This exercise calls for an exact copy of the listing, with no pictures kept.
*** DATASET CONTENT
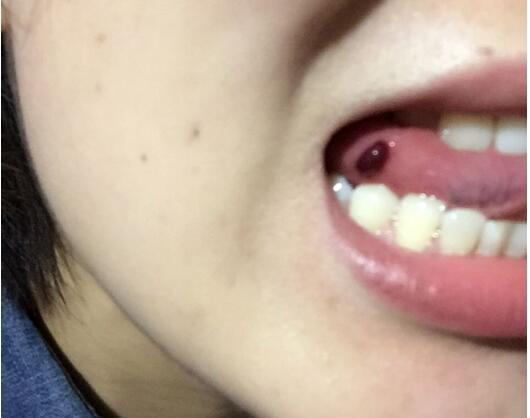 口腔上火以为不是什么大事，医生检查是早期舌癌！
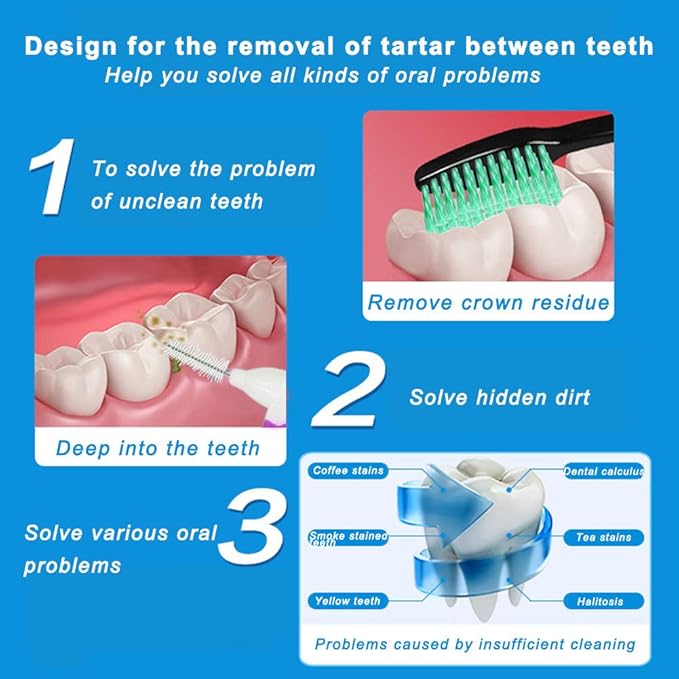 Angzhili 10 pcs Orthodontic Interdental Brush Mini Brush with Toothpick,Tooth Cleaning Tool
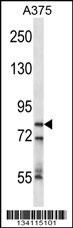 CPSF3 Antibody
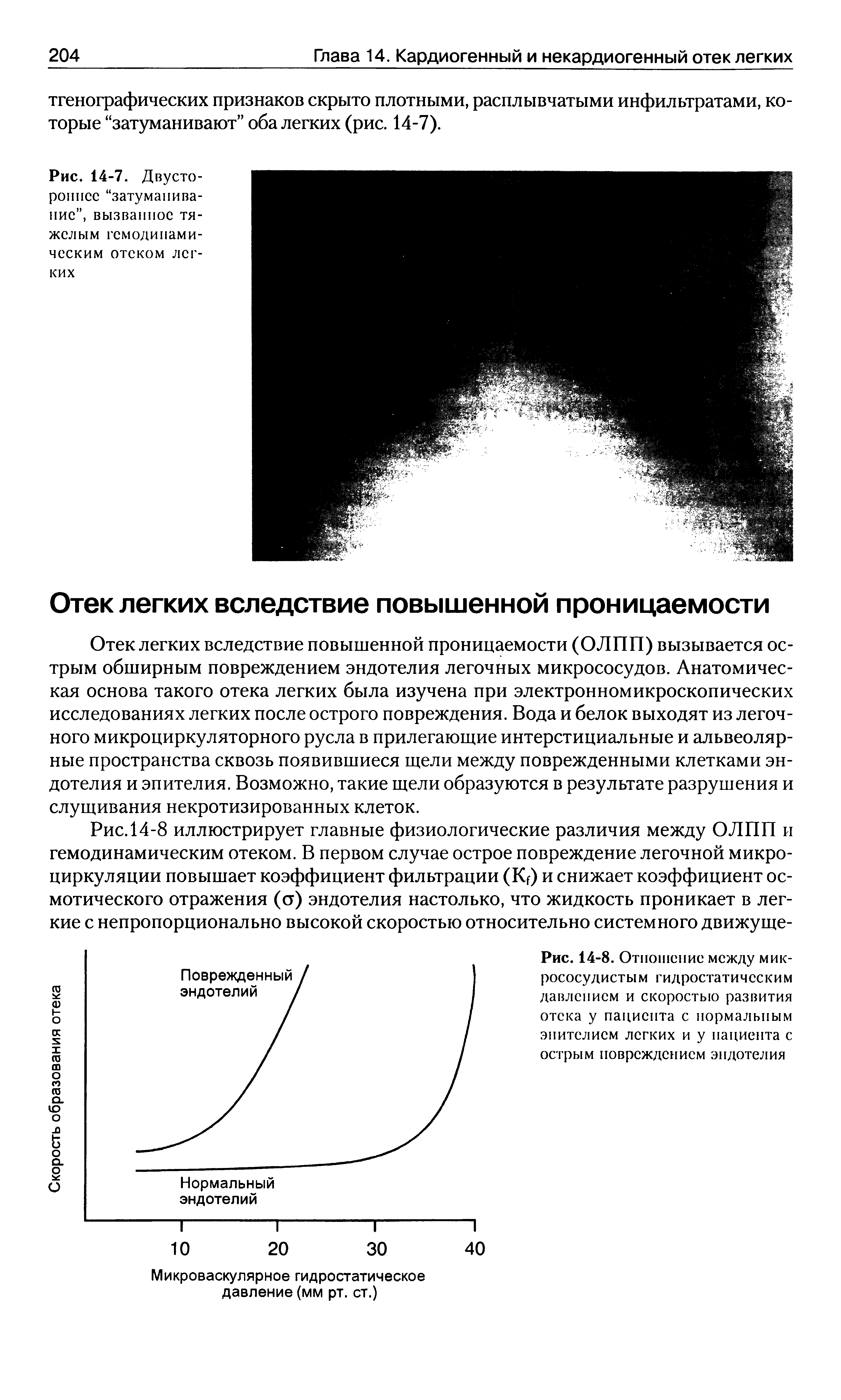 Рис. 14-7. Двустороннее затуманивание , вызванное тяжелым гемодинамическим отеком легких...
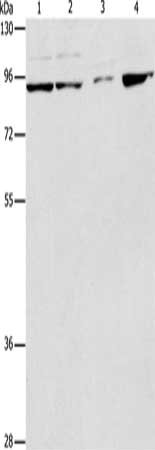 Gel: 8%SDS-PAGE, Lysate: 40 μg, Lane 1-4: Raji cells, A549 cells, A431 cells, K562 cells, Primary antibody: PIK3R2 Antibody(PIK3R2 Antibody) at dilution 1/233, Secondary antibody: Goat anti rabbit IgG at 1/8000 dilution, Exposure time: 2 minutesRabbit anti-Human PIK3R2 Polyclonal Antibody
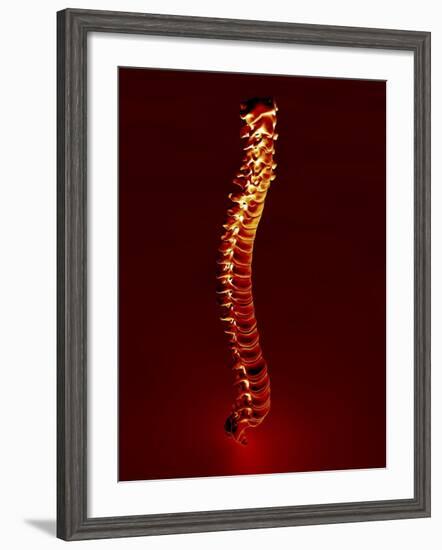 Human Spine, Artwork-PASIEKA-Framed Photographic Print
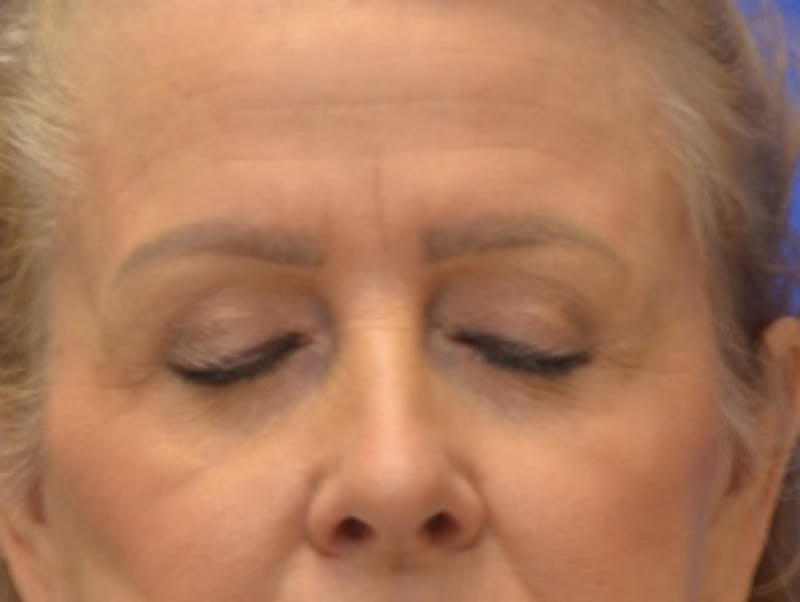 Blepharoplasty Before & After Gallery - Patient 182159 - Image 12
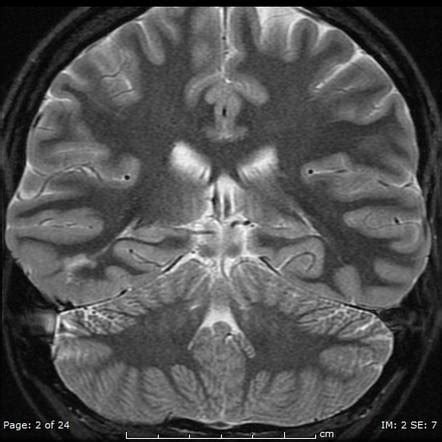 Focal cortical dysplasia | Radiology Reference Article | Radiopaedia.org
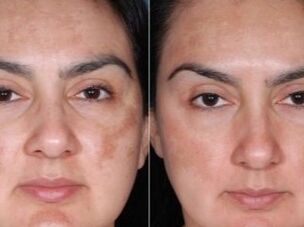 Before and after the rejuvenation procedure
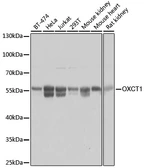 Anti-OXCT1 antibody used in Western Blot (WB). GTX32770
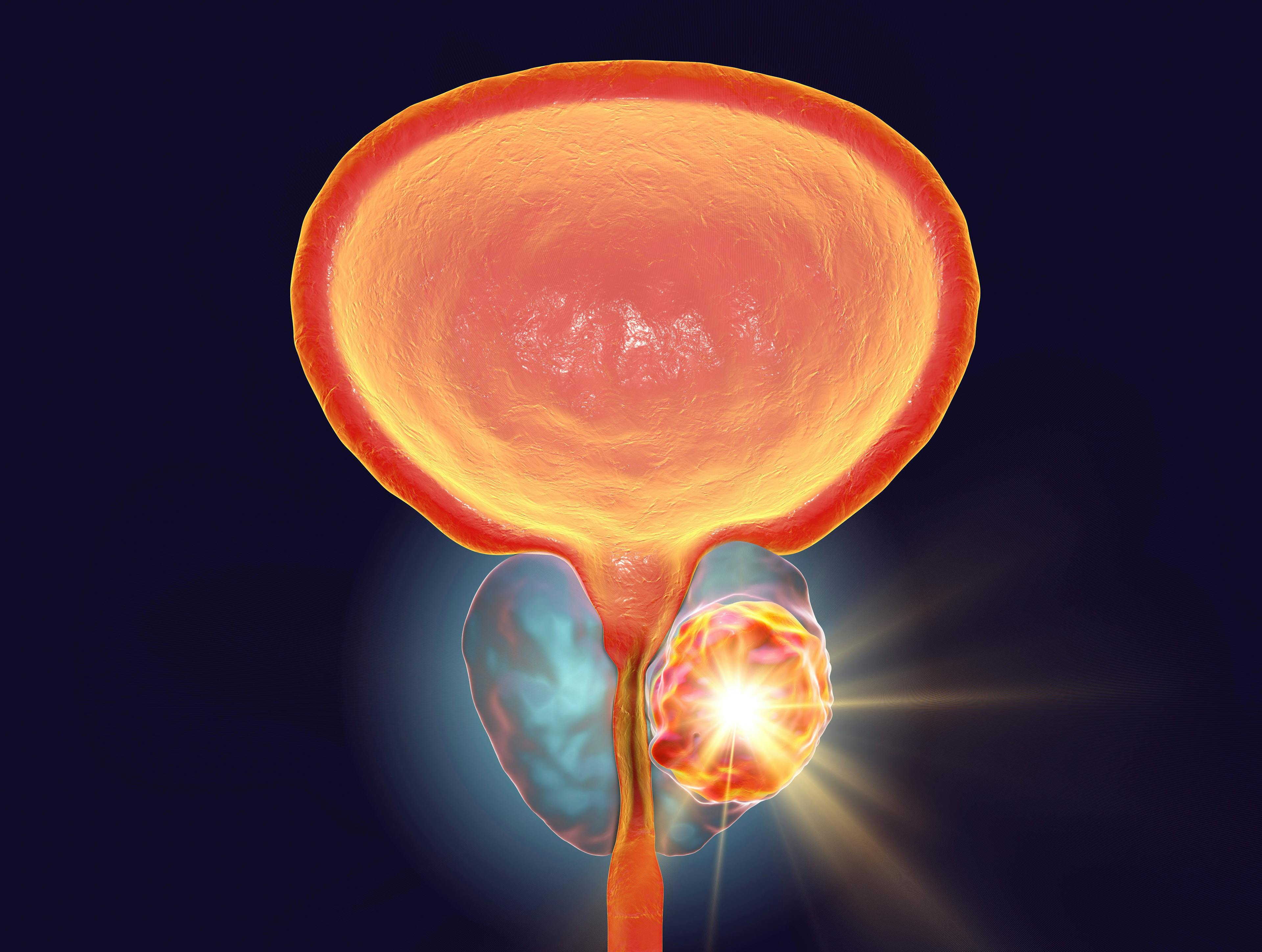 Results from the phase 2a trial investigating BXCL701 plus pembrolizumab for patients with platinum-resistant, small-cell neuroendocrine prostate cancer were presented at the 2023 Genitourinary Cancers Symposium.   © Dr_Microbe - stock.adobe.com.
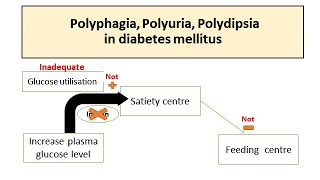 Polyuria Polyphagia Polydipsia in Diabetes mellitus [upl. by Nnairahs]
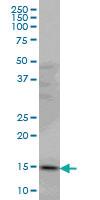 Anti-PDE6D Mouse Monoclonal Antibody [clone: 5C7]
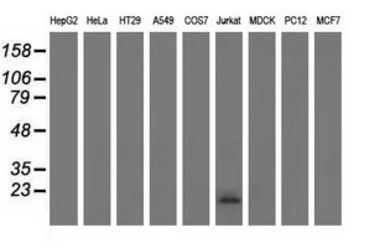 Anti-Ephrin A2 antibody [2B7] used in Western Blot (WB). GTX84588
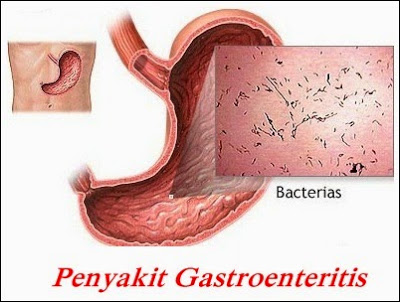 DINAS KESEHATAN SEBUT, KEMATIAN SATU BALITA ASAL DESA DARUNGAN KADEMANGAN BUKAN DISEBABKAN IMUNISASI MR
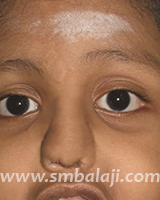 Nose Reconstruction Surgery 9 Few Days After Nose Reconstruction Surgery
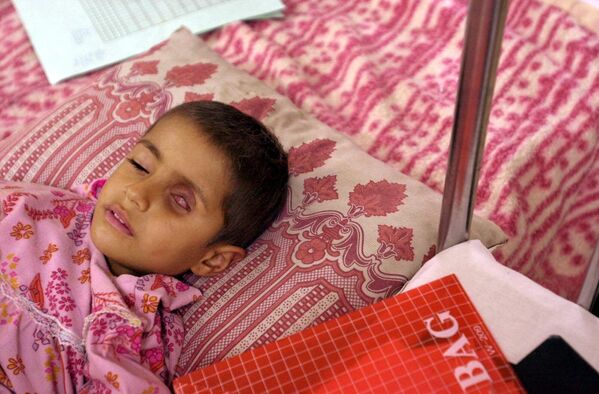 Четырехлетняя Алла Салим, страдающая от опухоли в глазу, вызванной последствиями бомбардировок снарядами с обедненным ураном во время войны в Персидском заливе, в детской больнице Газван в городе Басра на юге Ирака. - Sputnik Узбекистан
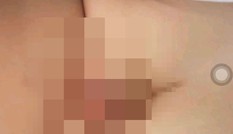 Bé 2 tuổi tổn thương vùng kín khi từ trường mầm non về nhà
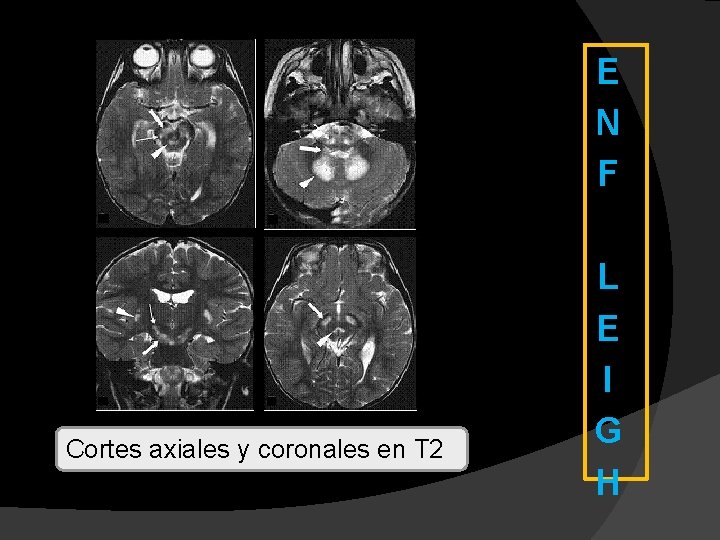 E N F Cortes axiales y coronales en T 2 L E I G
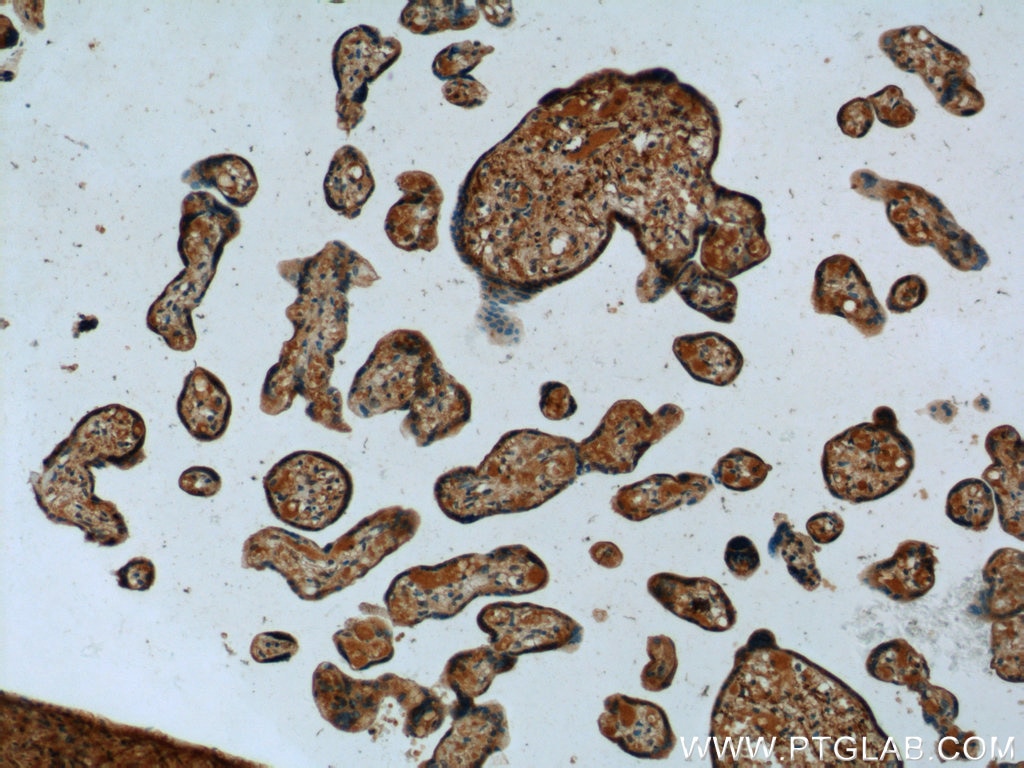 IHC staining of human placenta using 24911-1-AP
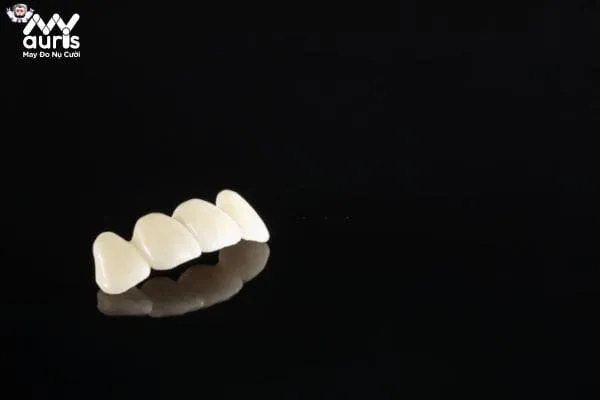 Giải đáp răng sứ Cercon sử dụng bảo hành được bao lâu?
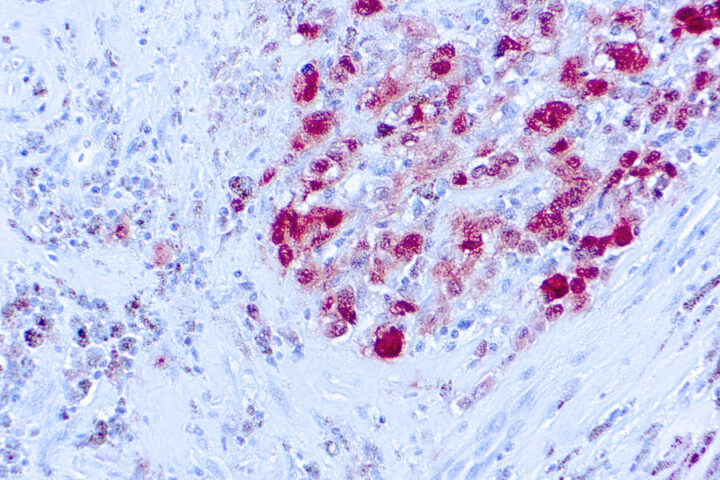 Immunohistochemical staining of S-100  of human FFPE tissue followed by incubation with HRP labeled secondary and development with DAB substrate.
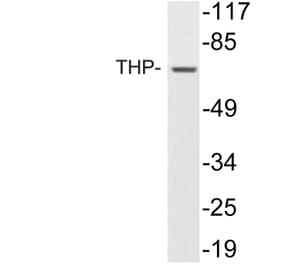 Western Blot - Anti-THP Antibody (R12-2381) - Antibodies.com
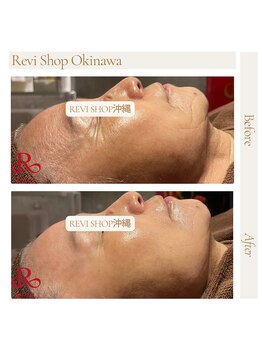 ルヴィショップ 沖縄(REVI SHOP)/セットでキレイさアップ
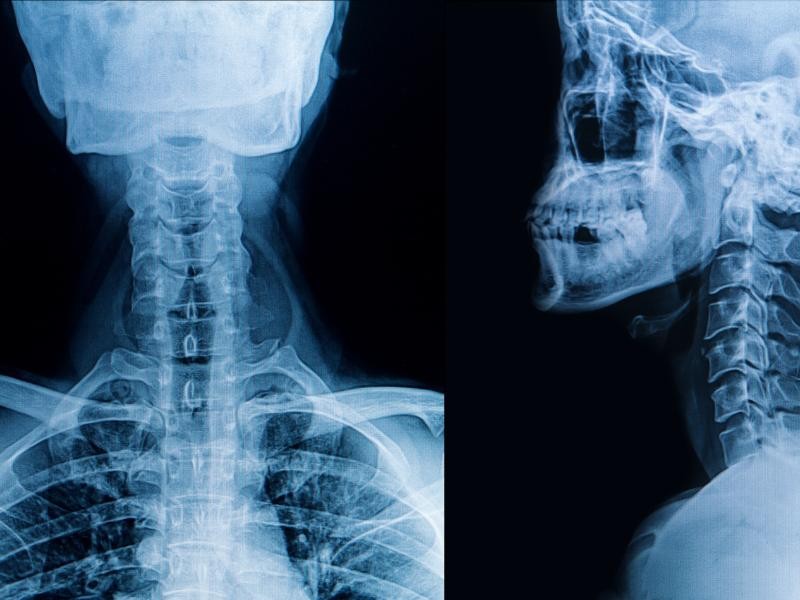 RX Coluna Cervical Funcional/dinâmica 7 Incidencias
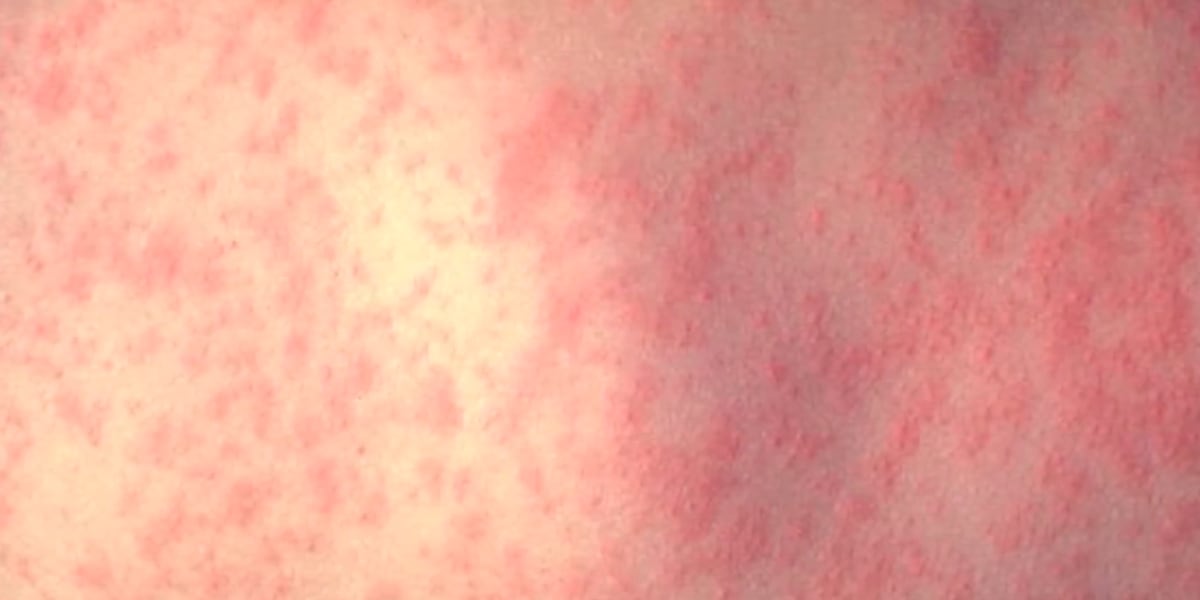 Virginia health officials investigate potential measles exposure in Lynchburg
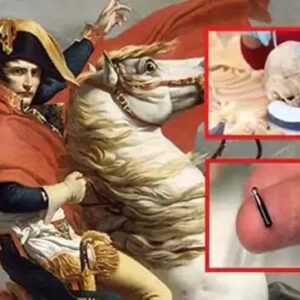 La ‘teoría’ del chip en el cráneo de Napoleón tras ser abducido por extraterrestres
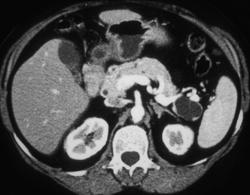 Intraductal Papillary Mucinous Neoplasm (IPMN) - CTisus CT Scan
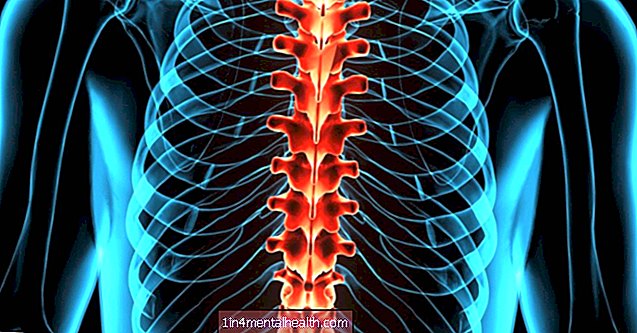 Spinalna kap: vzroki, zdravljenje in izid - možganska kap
******
#### [TASK RESULT]
 口腔上火以为不是什么大事，医生检查是早期舌癌！
 Angzhili 10 pcs Orthodontic Interdental Brush Mini Brush with Toothpick,Tooth Cleaning Tool
 CPSF3 Antibody
 Рис. 14-7. Двустороннее затуманивание , вызванное тяжелым гемодинамическим отеком легких...
 Gel: 8%SDS-PAGE, Lysate: 40 μg, Lane 1-4: Raji cells, A549 cells, A431 cells, K562 cells, Primary antibody: PIK3R2 Antibody(PIK3R2 Antibody) at dilution 1/233, Secondary antibody: Goat anti rabbit IgG at 1/8000 dilution, Exposure time: 2 minutesRabbit anti-Human PIK3R2 Polyclonal Antibody
 Human Spine, Artwork-PASIEKA-Framed Photographic Print
 Blepharoplasty Before & After Gallery - Patient 182159 - Image 12
 Focal cortical dysplasia | Radiology Reference Article | Radiopaedia.org
 Before and after the rejuvenation procedure
 Anti-OXCT1 antibody used in Western Blot (WB). GTX32770
 Results from the phase 2a trial investigating BXCL701 plus pembrolizumab for patients with platinum-resistant, small-cell neuroendocrine prostate cancer were presented at the 2023 Genitourinary Cancers Symposium.   © Dr_Microbe - stock.adobe.com.
 Polyuria Polyphagia Polydipsia in Diabetes mellitus [upl. by Nnairahs]
 Anti-PDE6D Mouse Monoclonal Antibody [clone: 5C7]
 Anti-Ephrin A2 antibody [2B7] used in Western Blot (WB). GTX84588
 DINAS KESEHATAN SEBUT, KEMATIAN SATU BALITA ASAL DESA DARUNGAN KADEMANGAN BUKAN DISEBABKAN IMUNISASI MR
 Nose Reconstruction Surgery 9 Few Days After Nose Reconstruction Surgery
 Четырехлетняя Алла Салим, страдающая от опухоли в глазу, вызванной последствиями бомбардировок снарядами с обедненным ураном во время войны в Персидском заливе, в детской больнице Газван в городе Басра на юге Ирака. - Sputnik Узбекистан
 Bé 2 tuổi tổn thương vùng kín khi từ trường mầm non về nhà
 E N F Cortes axiales y coronales en T 2 L E I G
 IHC staining of human placenta using 24911-1-AP
 Giải đáp răng sứ Cercon sử dụng bảo hành được bao lâu?
 Immunohistochemical staining of S-100  of human FFPE tissue followed by incubation with HRP labeled secondary and development with DAB substrate.
 Western Blot - Anti-THP Antibody (R12-2381) - Antibodies.com
 ルヴィショップ 沖縄(REVI SHOP)/セットでキレイさアップ
 RX Coluna Cervical Funcional/dinâmica 7 Incidencias
 Virginia health officials investigate potential measles exposure in Lynchburg
 La ‘teoría’ del chip en el cráneo de Napoleón tras ser abducido por extraterrestres
 Intraductal Papillary Mucinous Neoplasm (IPMN) - CTisus CT Scan
 Spinalna kap: vzroki, zdravljenje in izid - možganska kap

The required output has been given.